▶ [Exercise brief]:
When you reach the line containing "YOUNGKIDS Luxury Fleece", start transcribing exactly and continue through the last line of the data, skipping every picture.

▶ [Collected material]:

------------------------------------------------------------

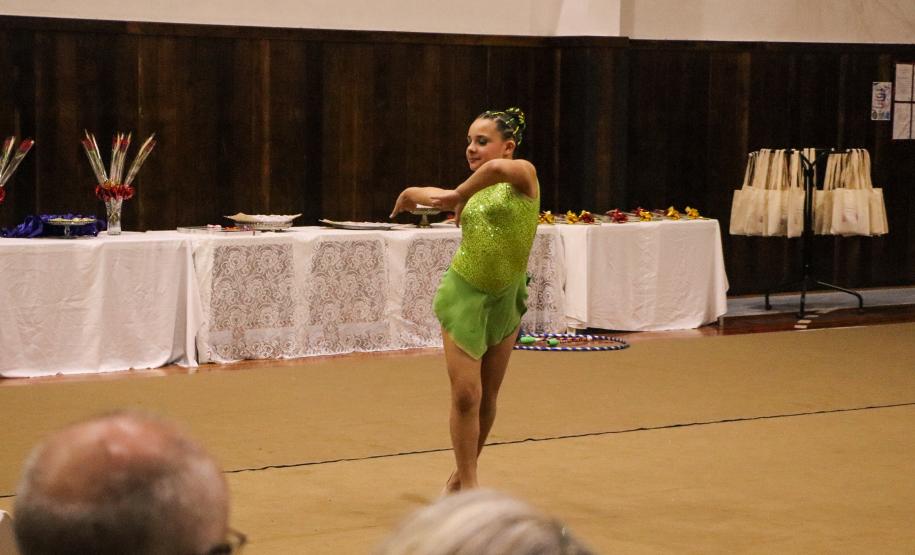 Ginastas do CEP na apresentação do Ginástica de Gala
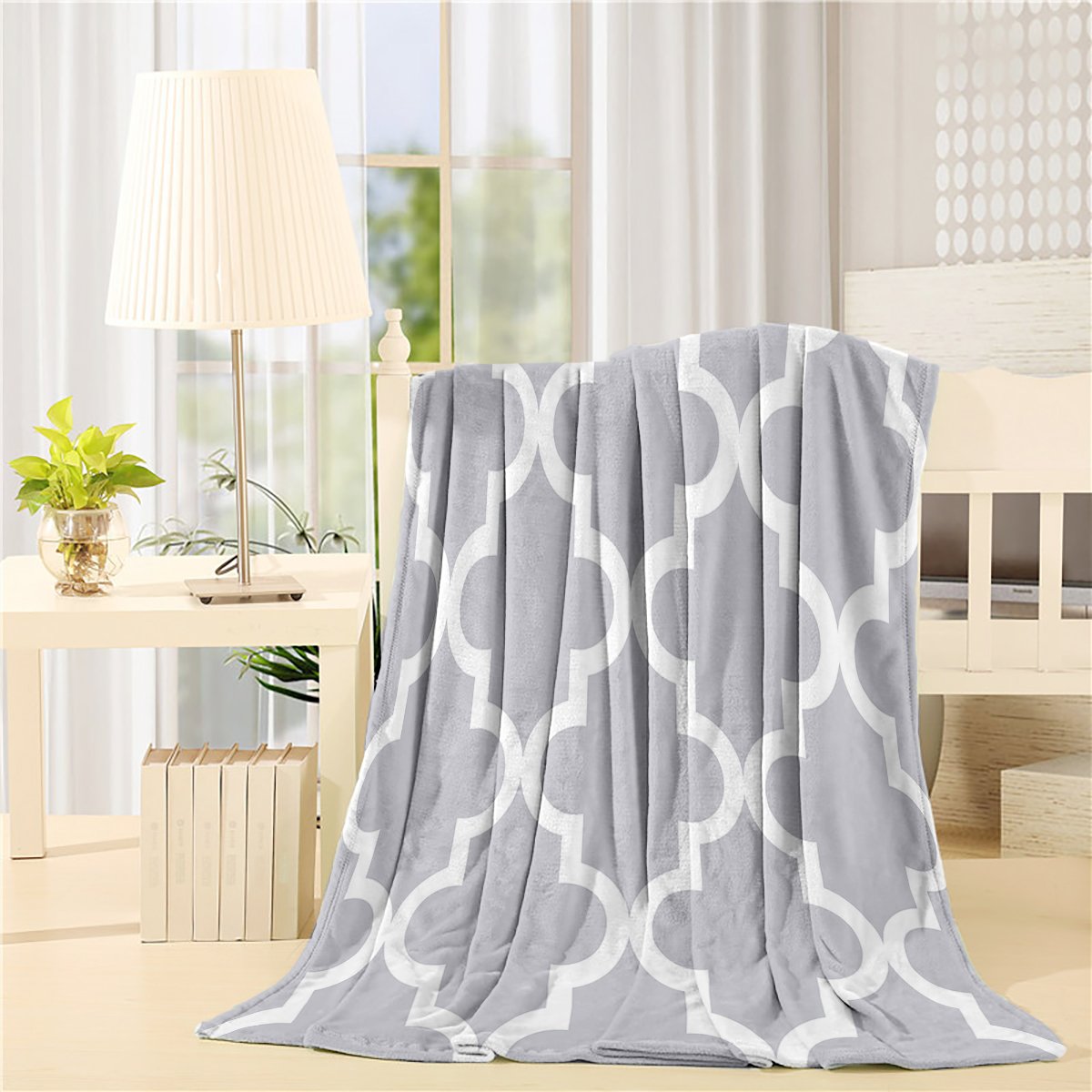 YOUNGKIDS Luxury Fleece Throw Blanket - Moroccan Plaid Geometric Pattern, Soft Plush Flannel Blanket for Couch, Bed & Chair - 40x50 Inches - Perfect for Cozy Evenings, Home Decor & Gift Giving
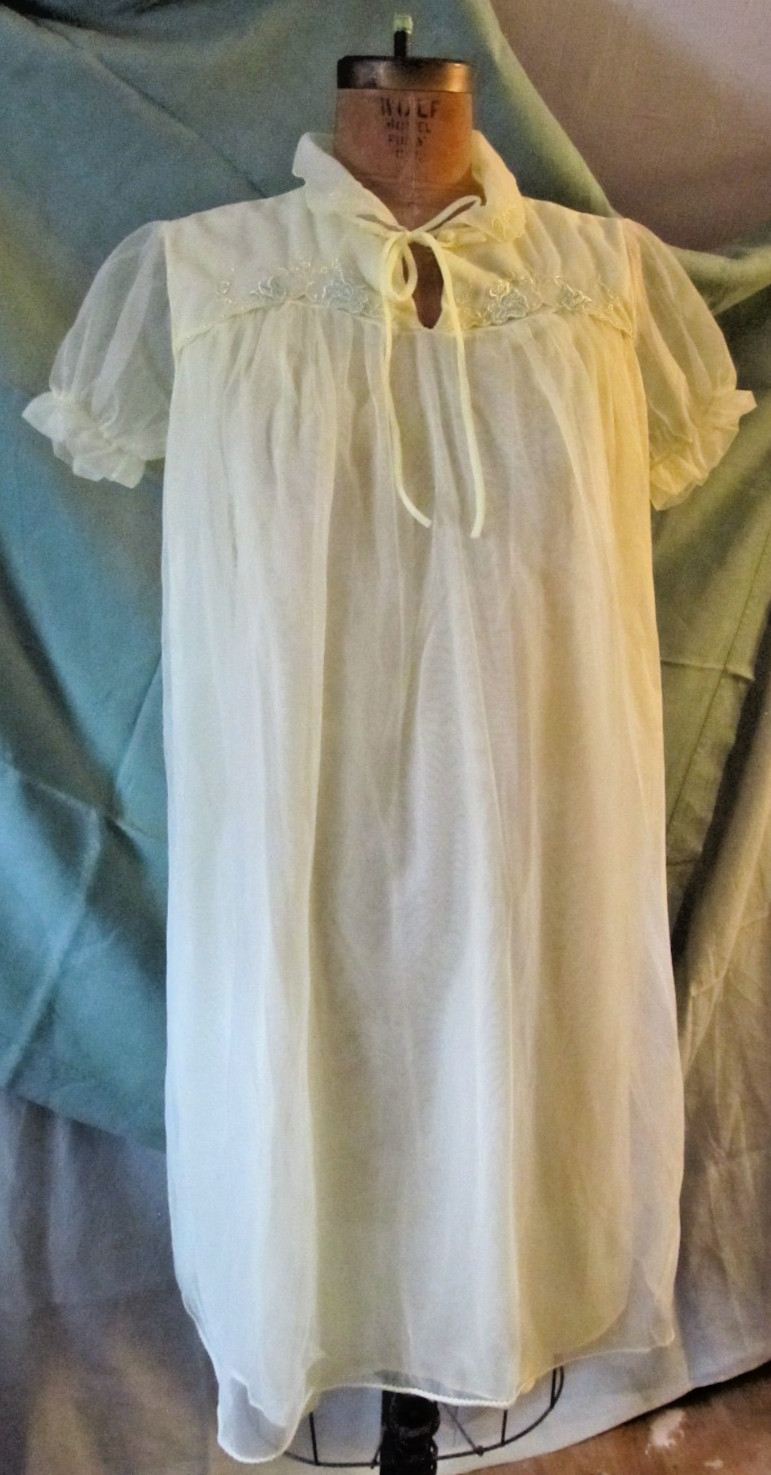 Vintage 60’s yellow Acetate Tricot & Nylon classic pin-up nightgown sz M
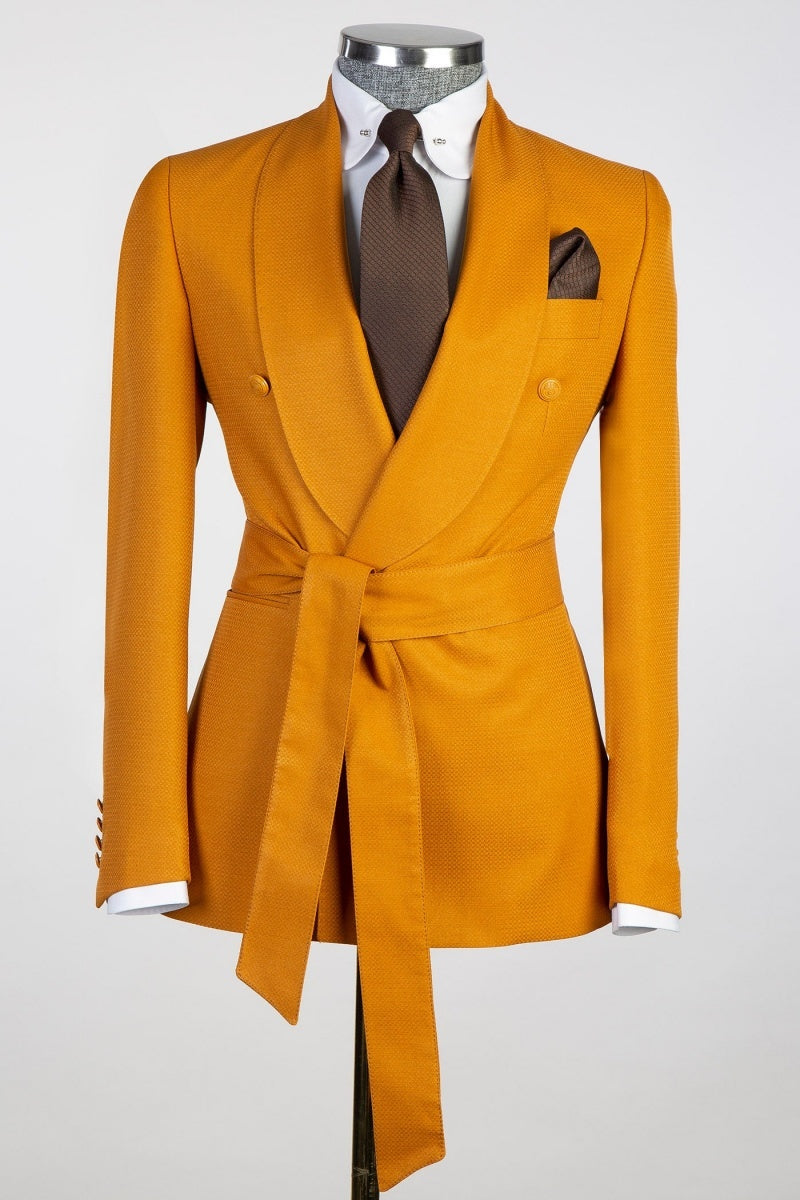 Modern Earthy Yellow Close Fitting Men Prom Suits With Belt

------------------------------------------------------------

▶ [Solved exercise]:
 YOUNGKIDS Luxury Fleece Throw Blanket - Moroccan Plaid Geometric Pattern, Soft Plush Flannel Blanket for Couch, Bed & Chair - 40x50 Inches - Perfect for Cozy Evenings, Home Decor & Gift Giving
 Vintage 60’s yellow Acetate Tricot & Nylon classic pin-up nightgown sz M
 Modern Earthy Yellow Close Fitting Men Prom Suits With Belt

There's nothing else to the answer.